Subrogation is a concept that's understood in legal and insurance circles but rarely by the policyholders they represent. Even if you've never heard the word before, it is in your benefit to understand the nuances of how it works. The more knowledgeable you are about it, the more likely an insurance lawsuit will work out favorably.
Every insurance policy you have is an assurance that, if something bad happens to you, the insurer of the policy will make good without unreasonable delay. If you get an injury at work, your employer's workers compensation agrees to pay for medical services. Employment lawyers handle the details; you just get fixed up.

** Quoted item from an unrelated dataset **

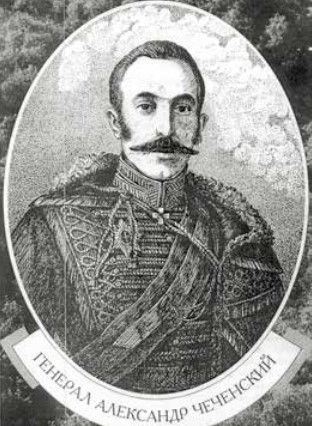 генерал Александр Чеченский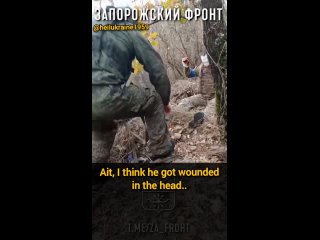 porn a wounded ukrainian minesweeper gets ditched by his battle comrades hd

But since figuring out who is financially responsible for services or repairs is often a heavily involved affair – and delay often increases the damage to the victim – insurance firms in many cases decide to pay up front and figure out the blame later. They then need a means to recoup the costs if, when there is time to look at all the facts, they weren't actually in charge of the payout.
Let's Look at an Example
You go to the doctor's office with a deeply cut finger. You give the receptionist your medical insurance card and he records your coverage information. You get taken care of and your insurer gets a bill for the medical care. But on the following day, when you arrive at your place of employment – where the accident happened – your boss hands you workers compensation paperwork to file. Your employer's workers comp policy is in fact responsible for the invoice, not your medical insurance policy. It has a vested interest in getting that money back somehow.
How Subrogation Works
This is where subrogation comes in. It is the process that an insurance company uses to claim payment after it has paid for something that should have been paid by some other entity. Some insurance firms have in-house property damage lawyers and personal injury attorneys, or a department dedicated to subrogation; others contract with a law firm. Normally, only you can sue for damages done to your person or property. But under subrogation law, your insurer is extended some of your rights for having taken care of the damages. It can go after the money originally due to you, because it has covered the amount already.
How Does This Affect Me?
For a start, if your insurance policy stipulated a deductible, it wasn't just your insurer who had to pay. In a $10,000 accident with a $1,000 deductible, you have a stake in the outcome as well – to be precise, $1,000. If your insurer is lax about bringing subrogation cases to court, it might choose to get back its losses by boosting your premiums. On the other hand, if it knows which cases it is owed and pursues them enthusiastically, it is doing you a favor as well as itself. If all of the money is recovered, you will get your full thousand-dollar deductible back. If it recovers half (for instance, in a case where you are found one-half to blame), you'll typically get $500 back, based on the laws in most states.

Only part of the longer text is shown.